Zo vindt de heikikker, die de laatste twee jaar 80 tot 100 procent minder eitjes legt, steeds minder regenwormen en slakken om zich mee te voeden. “En dat betekent minder voedsel voor salamanders, die de kikkereitjes eten en voor libellenlarven en sommige vogels, die de kikkervisjes eten. Alles hangt aan elkaar”, zegt Engelen.

Juist daarom volstaan lokale acties niet om de fauna echt uit het dal te tillen. “Dat kan alleen als biodiversiteitsbescherming een prioriteit wordt in ruimtelijke ordening én landbouw én klimaatbeleid”, stellen Natuurpunt, Schauvliege en het INBO.

Invasieve exoten

Want niet alleen blijft de druk op de natuur te hoog, er komen ook meer belagers: invasieve exoten zoals de Chinese wolhandkrab, die massaal inheemse rivierfauna en flora bedreigt. “Vooral in zoetwater is de impact dramatisch”, zegt INBO-onderzoeker Tim Adriaens. “In de Schelde is er ondertussen een compleet ander ecosysteem. Het zit vol exotische vissen en molusken (weekdieren), er is bijna niets inheems meer aan.”

Nog een voorbeeld is de Aziatische hoornaar, een grote wesp die hier in 2004 via bonsaiplanten beland is. “Nu zit die in heel Europa”, zegt Adriaens. “Er vallen doden en het bedreigt voedselproductie en biodiversiteit want deze wesp, die hier geen concurrentie heeft, eet inheemse honingbijen en andere insecten.” Zeker omdat de opwarming van de aarde sommige exoten helpt hier goed te aarden, zal hun dreiging alleen maar groter worden.

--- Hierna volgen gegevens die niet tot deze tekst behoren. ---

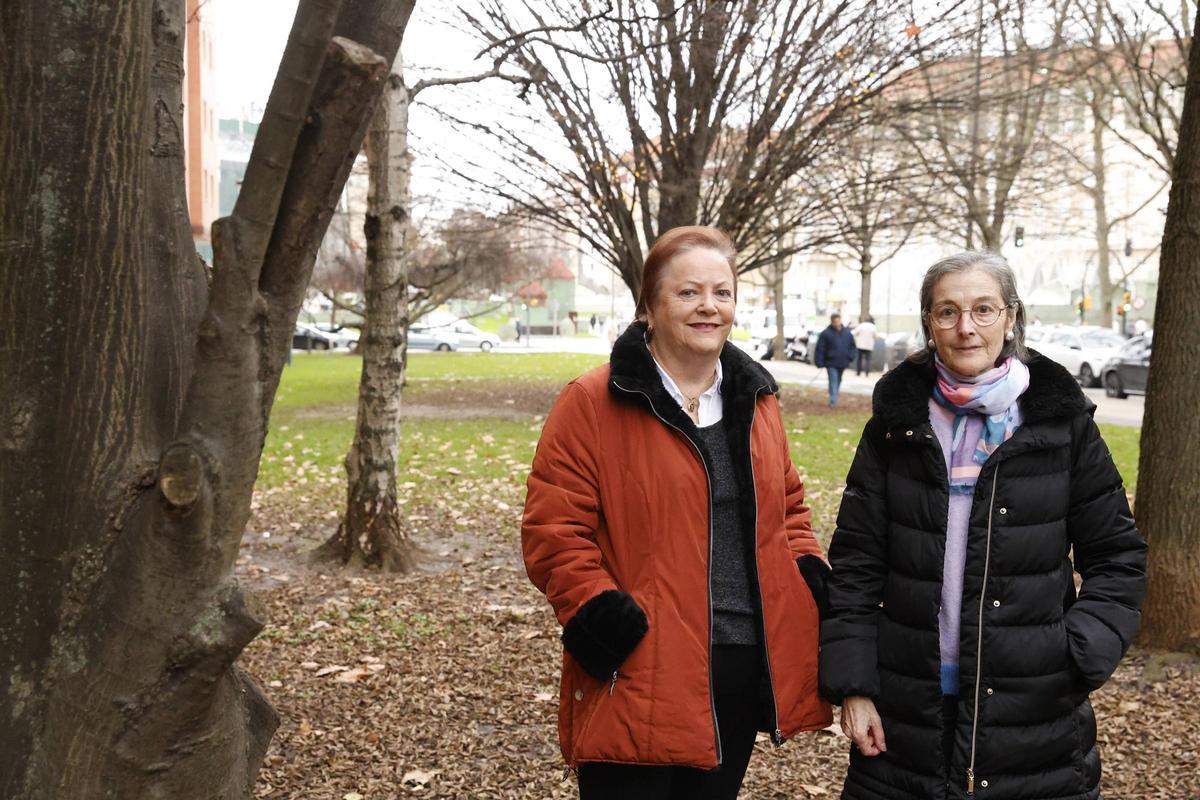 Carmen Duarte, fundadora y expresidenta del Foro de Mujeres de El Llano,  junto a Victorina Fernández, su actual presidenta.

Om de Vlaamse natuur helemaal uit het slop te trekken, voorziet Demir onder andere in 10.000 hectare extra bos tegen 2030, een aanpassing van de mestrichtlijnen, een ontsnipperingsplan en droogtemaatregelen. Of het allemaal gerealiseerd raakt, valt af te wachten. En jammer genoeg kunnen we de natuur niet in een vingerknip naar onze hand zetten zoals in de kwinkslag waarmee Bruno Tobback de parlementaire vraag over de otter afsloot: “Het zou erg handig zijn mochten de otters die wolhandkrabben opruimen.”